From the entries that follow, copy each line in which "Foto" appears.

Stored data
■ ■ ■ ■ ■
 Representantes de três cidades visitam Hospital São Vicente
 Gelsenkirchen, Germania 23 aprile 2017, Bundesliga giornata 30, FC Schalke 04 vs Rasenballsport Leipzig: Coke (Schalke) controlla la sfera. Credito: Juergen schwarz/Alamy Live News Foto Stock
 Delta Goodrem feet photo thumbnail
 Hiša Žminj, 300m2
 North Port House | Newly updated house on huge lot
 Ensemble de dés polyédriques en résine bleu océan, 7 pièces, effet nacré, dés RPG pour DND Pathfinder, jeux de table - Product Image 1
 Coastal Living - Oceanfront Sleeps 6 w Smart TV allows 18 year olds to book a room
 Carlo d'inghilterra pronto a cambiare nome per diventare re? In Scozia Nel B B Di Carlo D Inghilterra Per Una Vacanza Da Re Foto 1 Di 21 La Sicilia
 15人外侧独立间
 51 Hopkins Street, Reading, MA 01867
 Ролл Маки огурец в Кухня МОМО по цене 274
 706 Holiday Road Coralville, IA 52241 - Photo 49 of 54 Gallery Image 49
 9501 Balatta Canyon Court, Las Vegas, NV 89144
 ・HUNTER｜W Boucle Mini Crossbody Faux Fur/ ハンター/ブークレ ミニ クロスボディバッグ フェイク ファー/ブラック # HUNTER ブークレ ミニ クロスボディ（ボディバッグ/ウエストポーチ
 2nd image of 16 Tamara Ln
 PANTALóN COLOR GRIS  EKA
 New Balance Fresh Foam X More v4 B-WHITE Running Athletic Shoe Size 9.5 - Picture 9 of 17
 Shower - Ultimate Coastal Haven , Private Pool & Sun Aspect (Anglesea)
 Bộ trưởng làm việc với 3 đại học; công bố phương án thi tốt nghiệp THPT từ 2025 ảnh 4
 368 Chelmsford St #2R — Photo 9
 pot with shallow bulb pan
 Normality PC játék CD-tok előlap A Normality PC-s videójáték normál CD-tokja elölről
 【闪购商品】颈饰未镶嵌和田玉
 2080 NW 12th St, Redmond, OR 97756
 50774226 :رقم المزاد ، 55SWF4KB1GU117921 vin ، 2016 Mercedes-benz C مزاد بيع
■ ■ ■ ■ ■
*ANSWER TO THE EXERCISE*.
 Gelsenkirchen, Germania 23 aprile 2017, Bundesliga giornata 30, FC Schalke 04 vs Rasenballsport Leipzig: Coke (Schalke) controlla la sfera. Credito: Juergen schwarz/Alamy Live News Foto Stock
 Carlo d'inghilterra pronto a cambiare nome per diventare re? In Scozia Nel B B Di Carlo D Inghilterra Per Una Vacanza Da Re Foto 1 Di 21 La Sicilia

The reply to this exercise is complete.